Good design in Agile translates to meeting the needs for the features that are being implemented right now. This does NOT mean that you should throw good design principles out the window! The software design should reflect what is needed to support the features being implemented, but only what is needed, not what you might need later. In many ways, the approach is counter-intuitive. “Most of us were brought up to strive for perfection,” explained Francois Swanepoel, CTO of Stone Three Venture Technology, “but the fact is that it takes a lot of time and energy to achieve perfection, and the risk is that by the time you do, the thing you have created is out of date.”

Good Enough has nothing to do with mediocrity. It has to do with rational choices, as opposed to compulsive behavior.

What’s wrong with being perfect?

First of all, perfectionism is procrastination.
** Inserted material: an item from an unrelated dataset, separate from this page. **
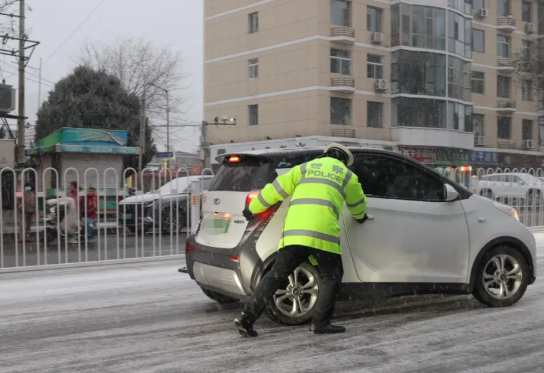战风雪，保畅通！吕梁全市公安交管“闻雪而动”，守护平安出行路！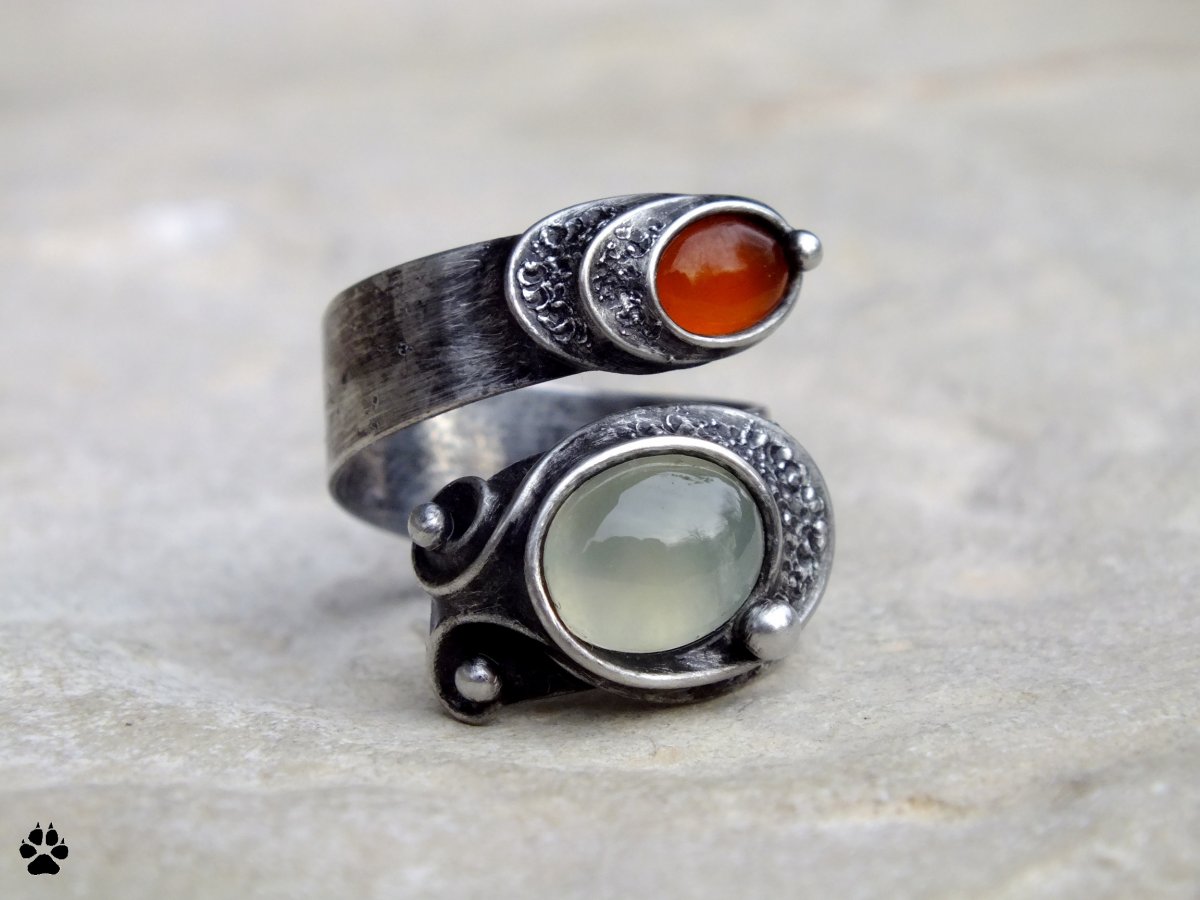 Prsten s prehnitem a přírodním karneolem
Say it out loud: perfectionism is procrastination. When you try to be perfect, you get little, if anything, actually accomplished. For a project that is in development, perfectionism can lead to endless wanking on a few particular pet tasks of the developers, as they keep trying to make those parts they’re working on better and better. At first it may look like progress, but at some point, those constant attempts at improvement return no value at all.

On the other hand, aiming for Good Enough just gets the job done. In planning, you focus on what the requirements are, no more, no less, and how to meet them simply and efficiently. No worrying about edge cases or making things bulletproof or endlessly customizable — meet the core needs and be done with it. As for development, it should be simple enough to test against the plan to see if a task is met. Once it is, you move on to the next one, and stop worrying about the one you just finished. The work goes by faster, and you accomplish more.

Agile is about embracing and dealing with change. And we all know that change is constant in software projects. Requirements change due to business priorities shifting, or because what we thought we understood really wasn’t quite right. This leads to two problems.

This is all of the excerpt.